Thanks!! Looking forward to seeing your pics/results! 

Regarding the applicator I just washed it in warm water and let dry on kitchen towel then popped back into it's bag.. I'll dampen it with QD the next time I go to use it!


----------



## Edstrung (Apr 6, 2009)

pangster said:


> Thanks!! Looking forward to seeing your pics/results!
> 
> Regarding the applicator I just washed it in warm water and let dry on kitchen towel then popped back into it's bag.. I'll dampen it with QD the next time I go to use it!


I wouldn't look forward too much, I found ANOTHER FING scratch, but I tried not to think of it when talking about the wax 

Thanks for the tip on the applicator, i shall give it a go now :thumb:

Also, I wish my car had fewer swirls, but hand SRP isn't enough :buffer:


----------



## Phill_S (Mar 30, 2009)

i just bunged the red foam applicator in the washer with my wash mit and drying towel on a low heat fast wash, came out like new and back in it's packet with the other one.

tbh i prefer other applicators for wax like the megs one, but used the red one that came with the HD kit for applying CG new look trim gel to trim and tyres and was great for that job, so they've been relegated to that job now.


----------



## SXI (Apr 25, 2009)

Saw it in Daemon Tweeks catalogue and think i'll give it a buy. Old mans a big Autoglym fan so I'll trust his judgment that there good products.


----------



## swiftflo (Jul 28, 2008)

Washed the applicator out by hand with Washing up liquid, then found that the appliactor had gone hard when it dried. Wet it again to make sure and found it softend up quite well. Only one word for the HD wax - wow.


----------



## Avanti (Jan 17, 2006)

swiftflo said:


> Washed the applicator out by hand with Washing up liquid, then found that the appliactor had gone hard when it dried. Wet it again to make sure and found it softend up quite well. Only one word for the HD wax - wow.


I am still using the 1st applicator, and keep them in a sandwich bag after use.


----------



## ryand (Jul 18, 2008)

Avanti said:


> I am still using the 1st applicator, and keep them in a sandwich bag after use.

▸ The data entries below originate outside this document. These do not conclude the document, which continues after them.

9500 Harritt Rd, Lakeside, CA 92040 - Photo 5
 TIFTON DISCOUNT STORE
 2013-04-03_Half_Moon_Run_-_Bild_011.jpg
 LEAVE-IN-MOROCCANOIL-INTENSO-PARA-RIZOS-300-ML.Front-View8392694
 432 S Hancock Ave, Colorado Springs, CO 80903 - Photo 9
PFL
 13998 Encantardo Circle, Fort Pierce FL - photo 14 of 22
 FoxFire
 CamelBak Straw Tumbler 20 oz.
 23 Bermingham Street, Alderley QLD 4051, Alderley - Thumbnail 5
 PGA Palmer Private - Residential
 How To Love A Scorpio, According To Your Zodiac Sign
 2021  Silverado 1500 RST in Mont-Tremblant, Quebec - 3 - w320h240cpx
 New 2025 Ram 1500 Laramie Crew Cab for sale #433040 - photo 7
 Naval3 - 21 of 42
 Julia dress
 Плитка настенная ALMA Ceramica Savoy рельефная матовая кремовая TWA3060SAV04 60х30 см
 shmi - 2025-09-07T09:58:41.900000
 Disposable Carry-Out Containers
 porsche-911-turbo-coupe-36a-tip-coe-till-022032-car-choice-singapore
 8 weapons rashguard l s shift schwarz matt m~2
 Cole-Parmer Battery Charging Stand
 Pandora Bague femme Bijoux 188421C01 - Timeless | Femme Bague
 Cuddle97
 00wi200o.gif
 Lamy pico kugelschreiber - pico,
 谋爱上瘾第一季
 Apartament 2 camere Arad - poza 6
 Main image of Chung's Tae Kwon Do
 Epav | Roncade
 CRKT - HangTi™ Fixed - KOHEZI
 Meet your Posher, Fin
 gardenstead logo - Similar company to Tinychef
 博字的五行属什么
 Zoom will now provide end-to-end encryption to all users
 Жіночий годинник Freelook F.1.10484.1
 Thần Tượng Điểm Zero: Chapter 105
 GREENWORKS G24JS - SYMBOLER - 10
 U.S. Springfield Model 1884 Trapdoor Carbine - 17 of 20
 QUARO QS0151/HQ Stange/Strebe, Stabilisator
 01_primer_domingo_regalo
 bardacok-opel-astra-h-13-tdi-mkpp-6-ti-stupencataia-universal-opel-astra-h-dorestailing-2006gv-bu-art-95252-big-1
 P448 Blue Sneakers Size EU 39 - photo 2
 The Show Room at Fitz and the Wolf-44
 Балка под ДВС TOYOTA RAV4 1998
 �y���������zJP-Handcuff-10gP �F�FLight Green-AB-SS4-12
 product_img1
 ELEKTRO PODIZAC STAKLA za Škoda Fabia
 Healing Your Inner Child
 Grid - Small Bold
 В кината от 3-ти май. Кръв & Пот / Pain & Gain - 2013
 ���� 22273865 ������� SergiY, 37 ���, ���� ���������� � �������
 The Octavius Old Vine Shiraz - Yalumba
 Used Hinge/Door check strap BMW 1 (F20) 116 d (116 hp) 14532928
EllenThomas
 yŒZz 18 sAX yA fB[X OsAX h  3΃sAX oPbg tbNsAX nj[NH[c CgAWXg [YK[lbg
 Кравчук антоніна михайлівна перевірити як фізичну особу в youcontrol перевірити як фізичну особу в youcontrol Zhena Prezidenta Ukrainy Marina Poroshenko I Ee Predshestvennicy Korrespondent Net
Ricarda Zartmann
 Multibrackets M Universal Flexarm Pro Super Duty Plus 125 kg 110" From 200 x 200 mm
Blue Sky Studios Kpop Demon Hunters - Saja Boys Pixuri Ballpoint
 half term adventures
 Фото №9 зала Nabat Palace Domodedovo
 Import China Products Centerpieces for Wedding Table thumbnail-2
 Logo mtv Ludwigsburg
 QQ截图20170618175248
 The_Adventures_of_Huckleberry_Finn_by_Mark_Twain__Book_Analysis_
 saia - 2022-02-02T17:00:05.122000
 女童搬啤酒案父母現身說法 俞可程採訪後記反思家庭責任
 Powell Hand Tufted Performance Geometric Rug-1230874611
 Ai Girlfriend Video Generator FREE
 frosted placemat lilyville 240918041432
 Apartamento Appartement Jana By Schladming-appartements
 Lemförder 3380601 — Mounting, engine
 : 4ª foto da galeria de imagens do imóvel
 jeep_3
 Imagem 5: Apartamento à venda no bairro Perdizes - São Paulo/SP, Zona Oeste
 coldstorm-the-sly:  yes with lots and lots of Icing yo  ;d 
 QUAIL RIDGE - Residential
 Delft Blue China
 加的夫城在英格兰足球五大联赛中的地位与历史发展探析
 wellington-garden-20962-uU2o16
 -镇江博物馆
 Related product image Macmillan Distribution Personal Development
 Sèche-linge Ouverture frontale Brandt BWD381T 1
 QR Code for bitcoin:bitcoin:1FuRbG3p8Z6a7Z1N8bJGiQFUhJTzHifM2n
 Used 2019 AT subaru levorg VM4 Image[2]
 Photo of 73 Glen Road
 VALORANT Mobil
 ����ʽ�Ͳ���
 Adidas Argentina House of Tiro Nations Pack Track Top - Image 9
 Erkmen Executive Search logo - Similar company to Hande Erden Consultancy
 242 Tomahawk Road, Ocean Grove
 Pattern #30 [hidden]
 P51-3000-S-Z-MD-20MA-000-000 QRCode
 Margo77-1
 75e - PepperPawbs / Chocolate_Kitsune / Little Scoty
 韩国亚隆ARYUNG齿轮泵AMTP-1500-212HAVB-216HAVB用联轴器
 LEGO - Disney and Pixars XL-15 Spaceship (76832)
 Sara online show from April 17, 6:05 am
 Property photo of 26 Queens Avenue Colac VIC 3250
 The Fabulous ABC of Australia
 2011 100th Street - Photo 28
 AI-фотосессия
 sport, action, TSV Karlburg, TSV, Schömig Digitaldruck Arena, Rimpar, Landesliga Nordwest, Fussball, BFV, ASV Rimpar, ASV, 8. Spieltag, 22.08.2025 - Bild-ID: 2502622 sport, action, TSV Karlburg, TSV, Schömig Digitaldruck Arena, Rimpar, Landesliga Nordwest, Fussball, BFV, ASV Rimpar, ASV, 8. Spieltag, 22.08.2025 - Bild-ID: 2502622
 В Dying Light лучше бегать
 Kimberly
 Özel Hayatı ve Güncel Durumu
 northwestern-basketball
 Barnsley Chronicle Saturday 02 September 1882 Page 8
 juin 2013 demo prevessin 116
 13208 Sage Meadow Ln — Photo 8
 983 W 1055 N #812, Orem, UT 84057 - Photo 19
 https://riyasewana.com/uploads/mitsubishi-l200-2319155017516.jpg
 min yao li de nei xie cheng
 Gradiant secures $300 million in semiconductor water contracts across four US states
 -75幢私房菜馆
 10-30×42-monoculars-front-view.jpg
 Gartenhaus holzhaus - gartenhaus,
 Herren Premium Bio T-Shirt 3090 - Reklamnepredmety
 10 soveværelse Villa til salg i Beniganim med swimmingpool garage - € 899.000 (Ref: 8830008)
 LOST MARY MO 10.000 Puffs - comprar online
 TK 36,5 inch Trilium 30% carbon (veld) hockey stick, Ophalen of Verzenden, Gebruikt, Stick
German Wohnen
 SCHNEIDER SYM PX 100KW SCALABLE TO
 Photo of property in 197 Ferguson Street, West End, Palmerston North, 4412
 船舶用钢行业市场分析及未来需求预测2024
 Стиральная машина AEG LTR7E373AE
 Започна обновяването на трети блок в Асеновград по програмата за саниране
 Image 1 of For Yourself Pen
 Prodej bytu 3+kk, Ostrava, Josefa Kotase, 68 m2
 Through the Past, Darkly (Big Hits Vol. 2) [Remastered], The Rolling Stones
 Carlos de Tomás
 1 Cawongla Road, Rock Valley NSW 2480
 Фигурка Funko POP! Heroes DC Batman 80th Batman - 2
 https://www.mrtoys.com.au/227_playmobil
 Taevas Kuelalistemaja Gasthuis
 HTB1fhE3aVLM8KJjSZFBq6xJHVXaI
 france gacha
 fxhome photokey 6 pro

same here, rinse out, keep damp in a sarnie bag for perfect use next time!

:buffer: the front end of mine yesterday and topped with HDW, very nice. Will be working my way round the rest of the car bit by bit over coming weeks so will post when all done!


----------



## Edstrung (Apr 6, 2009)

Ok good news and bad news.

Bad news is my brother had taken his camera back, and I'm not bothering with my 2mp camera phone, it wouldn't do any justice.

Good news is great. HD is over powered. The 'centre' of my car that I waxed yesterday was laughable when I washed it this afternoon before full body wax. I hosed the car down, it was dry instantly with fast sheeting. I washed the car with a wash mit, the soap ran off before i could pick up the hose to rinse it down. When I did put my towel over what beads were left after washing, the areas dried easier than the panels with just SRP/EGP.

Having finished the full wax, I'm shattered after buffing it all off. One finishing cloth wasn't enough, had to use the one that came with the kit to do the finishing buff. Very happy with the gloss. Hope it rains tonight tbh


----------



## pangster (Mar 20, 2008)

Edstrung said:


> Ok good news and bad news.
> 
> Bad news is my brother had taken his camera back, and I'm not bothering with my 2mp camera phone, it wouldn't do any justice.
> 
> ...


LOL!!!


----------



## Avanti (Jan 17, 2006)

Edstrung said:


> Ok good news and bad news.
> 
> Bad news is my brother had taken his camera back, and I'm not bothering with my 2mp camera phone, it wouldn't do any justice.
> 
> ...


Outdoors in daylight a 2meg camera is fine :thumb:

The hosting sites often reduce the resolution anyway.


----------



## lonterra (May 1, 2009)

I've finished my first detail using HD wax on my 6-year old Leon.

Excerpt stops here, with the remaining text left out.